No romantic restaurants! Do something fun and go somewhere casual and lively so conversation will remain upbeat. It's important to be able to chat about lighthearted topics because that will aid in transitioning out of the dating relationship and into friendship or just closure. Ironically, it may even be more fun than your previous dates because the pressure is off. You no longer need to impress each other or behave in a certain way to gain approval.
5. Stick to your boundaries.
It's truly ok to decide to be physical one last time, just do a good check-in with yourself to know how you'll feel afterwards. If you want to enjoy it and know you won't guilt yourself about it, then go for it.

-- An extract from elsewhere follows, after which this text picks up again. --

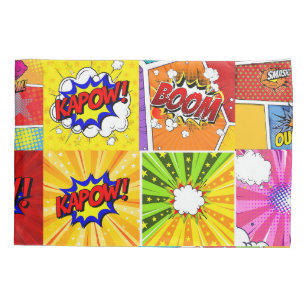 Colourful Superhero comic pop art background  Pillowcase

If not, stick to friends-only behaviors. If you can arrange the date to have intimate time before going out, do it! By ending the evening with fun conversation and food instead of romantic activities, closure will come more easily.
Remember, this is supposed to be FUN and only will be if you both are ready for the relationship to end yet you still hold each other in high regard. If this is case, enjoy one last date together!
Rosie Munger is a newly minted advocate of the breakup date - it truly can be done!
BounceBack.com helps people find happiness in the right relationship. If you've been through a breakup, divorce, or just haven't been able to find happiness in your love life, BounceBack is a place to tell your story, get community support and advice from experts, and find the confidence and strength you need to move forward. Check out our Facebook page.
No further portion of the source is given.